> [About this task] The answer is the data below, repeated exactly, with no pictures included.

> [Raw data]
= = =

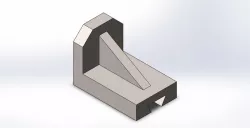 Basic Part Modeling3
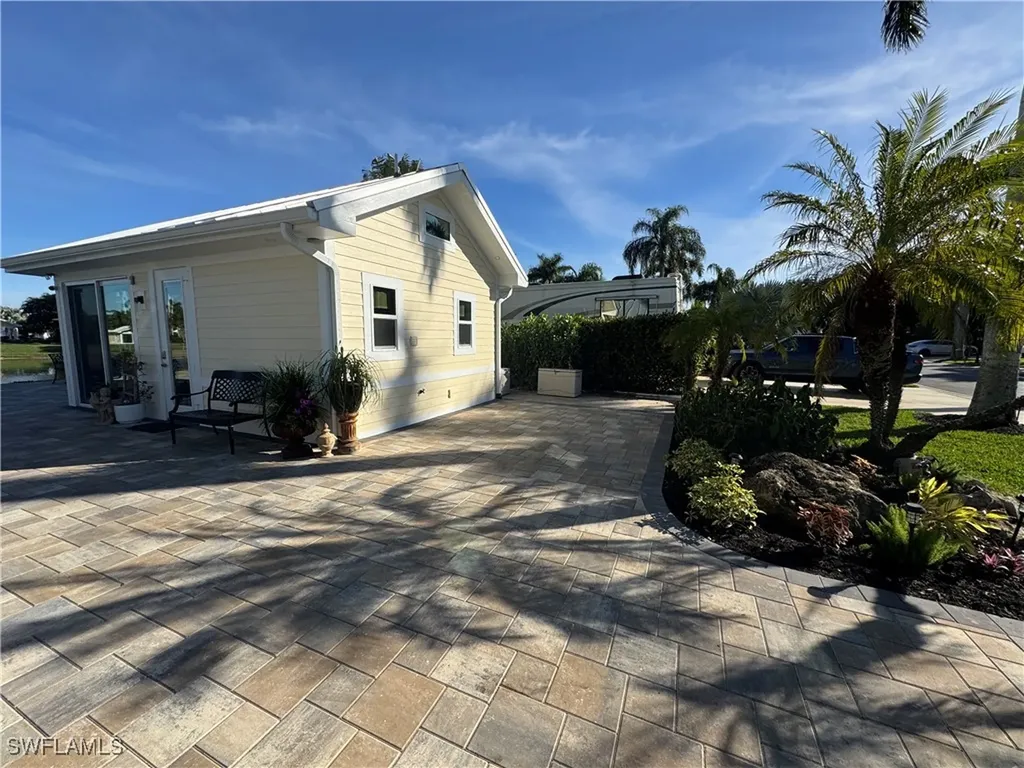 Lot 30 3006 W Riverbend Resort Boulevard Labelle FL 33935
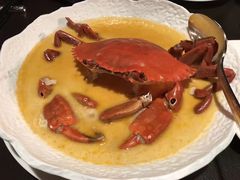 -广州文华东方酒店·江-由辉师傅主理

= = =

> [Output of the exercise]
 Basic Part Modeling3
 Lot 30 3006 W Riverbend Resort Boulevard Labelle FL 33935
 -广州文华东方酒店·江-由辉师傅主理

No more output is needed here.